The matter is sufficiently illustrated by the accompanying figures, all drawn from Haeckel’s Monograph of the Challenger Radiolaria[488]. In one of these we see a regular octahedron, in another a regular, or pentagonal dodecahedron, in a third a regular icosahedron. In all cases the figure appears to be perfectly symmetrical, though neither the triangular facets of the octahedron and icosahedron, nor the pentagonal facets of the dodecahedron, are necessarily plane surfaces. In all of these cases, the radial spicules correspond to the solid angles of the figure; and they are, accordingly, six in number in the octahedron, twenty in the dodecahedron, and twelve in the icosahedron.
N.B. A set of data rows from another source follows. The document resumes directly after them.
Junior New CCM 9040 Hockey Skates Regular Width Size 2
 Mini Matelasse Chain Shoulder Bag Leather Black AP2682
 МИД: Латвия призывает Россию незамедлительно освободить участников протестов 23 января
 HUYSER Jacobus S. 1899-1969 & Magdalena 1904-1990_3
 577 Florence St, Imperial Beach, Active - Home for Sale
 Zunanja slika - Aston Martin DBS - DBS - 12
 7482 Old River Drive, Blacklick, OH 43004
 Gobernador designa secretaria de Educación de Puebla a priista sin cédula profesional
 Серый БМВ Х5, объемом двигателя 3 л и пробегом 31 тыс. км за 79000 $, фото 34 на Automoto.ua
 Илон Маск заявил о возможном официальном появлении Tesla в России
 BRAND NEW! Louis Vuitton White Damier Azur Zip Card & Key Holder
If we add to these three figures the regular tetrahedron, which we have had frequent occasion to study, and the cube (which is represented, at least in outline, in the skeleton of the hexactinellid sponges), we have completed the series of the five regular polyhedra known to geometers, the Platonic bodies[489] of the older mathematicians. It is
Fig. 231. Skeletons of various Radiolarians, after Haeckel. 1. Circoporus sexfurcus; 2. C. octahedrus; 3. Circogonia icosahedra; 4. Circospathis novena; 5. Circorrhegma dodecahedra.